| Type: | Package | 
| Title: | Bivariate Correlations Calculation and Visualization | 
| Version: | 1.3.0 | 
| Date: | 2020-07-23 | 
| Description: | Compute and visualize using the 'visNetwork' package all the bivariate correlations of a dataframe. Several and different types of correlation coefficients (Pearson's r, Spearman's rho, Kendall's tau, distance correlation, maximal information coefficient and equal-freq discretization-based maximal normalized mutual information) are used according to the variable couple type (quantitative vs categorical, quantitative vs quantitative, categorical vs categorical). | 
| License: | MIT + file LICENSE | 
| URL: | https://github.com/sambaala/linkspotter | 
| BugReports: | https://github.com/sambaala/linkspotter/issues | 
| Encoding: | UTF-8 | 
| LazyData: | true | 
| Depends: | R (≥ 3.2.0) | 
| Imports: | shiny, visNetwork, infotheo, minerva, energy, mclust, rAmCharts, pbapply, ggplot2, dplyr, tidyr, shinybusy | 
| Collate: | 'linkspotterComplete.R' 'clusterVariables.R' 'linkspotterDurationEstimator.R' 'linkspotterGraph.R' 'linkspotterGraphOnMatrix.R' 'linkspotterOnFile.R' 'linkspotterUI.R' 'corCouplesToMatrix.R' 'matrixToCorCouples.R' 'maxNMI.R' 'BeEFdiscretization_numfact.R' 'BeEFdiscretization_numnum.R' 'multiBivariateCorrelation.R' 'NormalizedMI.R' 'createShinyAppFolder.R' 'EFdiscretization.R' 'non_informative_var.R' | 
| RoxygenNote: | 7.1.1 | 
| Suggests: | knitr, rmarkdown | 
| VignetteBuilder: | knitr | 
| NeedsCompilation: | no | 
| Packaged: | 2020-07-23 10:22:57 UTC; XXGB1668 | 
| Author: | Alassane Samba [aut, cre], Orange [cph] | 
| Maintainer: | Alassane Samba <alassane.samba@orange.com> | 
| Repository: | CRAN | 
| Date/Publication: | 2020-07-23 10:40:02 UTC | 
BeEF: Best Equal-Frequency discretization
Description
Discretize a quantitative variable by optimizing the obtained the Normalized Mutual Information with a target qualitative variable
Usage
BeEFdiscretization.numfact(
  continuousY,
  factorX,
  includeNA = T,
  showProgress = F
)
Arguments
| continuousY | a vector of numeric. | 
| factorX | a vector of factor. | 
| includeNA | a boolean. TRUE to include NA value as a factor level. | 
| showProgress | a boolean to decide whether to show the progress bar. | 
Value
a factor.
Examples
# calculate a correlation dataframe
data(iris)
discreteSepalLength=BeEFdiscretization.numfact(continuousY=iris$Sepal.Length,factorX=iris$Species)

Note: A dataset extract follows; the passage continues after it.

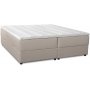 1 Seng med oppbevaring 180 cm - Beige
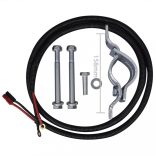 Alumínium motoros zsoké kerék utánfutó mozgató 12 V 350 W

summary(discreteSepalLength)
BeEF: Best Equal-Frequency discretization (for a couple of quantitative variables)
Description
Discretize two quantitative variables by optimizing the obtained the Normalized Mutual Information
Usage
BeEFdiscretization.numnum(
  continuousX,
  continuousY,
  maxNbBins = 100,
  includeNA = T,
  showProgress = F
)
Arguments
| continuousX | a vector of numeric. | 
| continuousY | a vector of numeric. | 
| maxNbBins | an integer corresponding to the number of bins limitation (for computation time limitation), maxNbBins=100 by default. | 
| includeNA | a boolean. TRUE to include NA value as a factor level. | 
| showProgress | a boolean to decide whether to show the progress bar. | 
Value
a list of two factors.
Examples
# calculate a correlation dataframe
data(iris)
disc=BeEFdiscretization.numnum(iris$Sepal.Length,iris$Sepal.Width)
summary(disc$x)
summary(disc$y)
EF: Equal-Frequency discretization
Description
Discretize a quantitative variable with equal frequency binning if possible
Usage
EFdiscretization(continuousX, nX, nbdigitsX = 3)
Arguments
| continuousX | a vector of numeric. | 
| nX | an integer corresponding to the desired number of intervals. | 
| nbdigitsX | number of significant digits to use in constructing levels. Default is 3. | 
Value
a factor.
Examples
data(iris)
disc.Sepal.Length=EFdiscretization(iris$Sepal.Length,5)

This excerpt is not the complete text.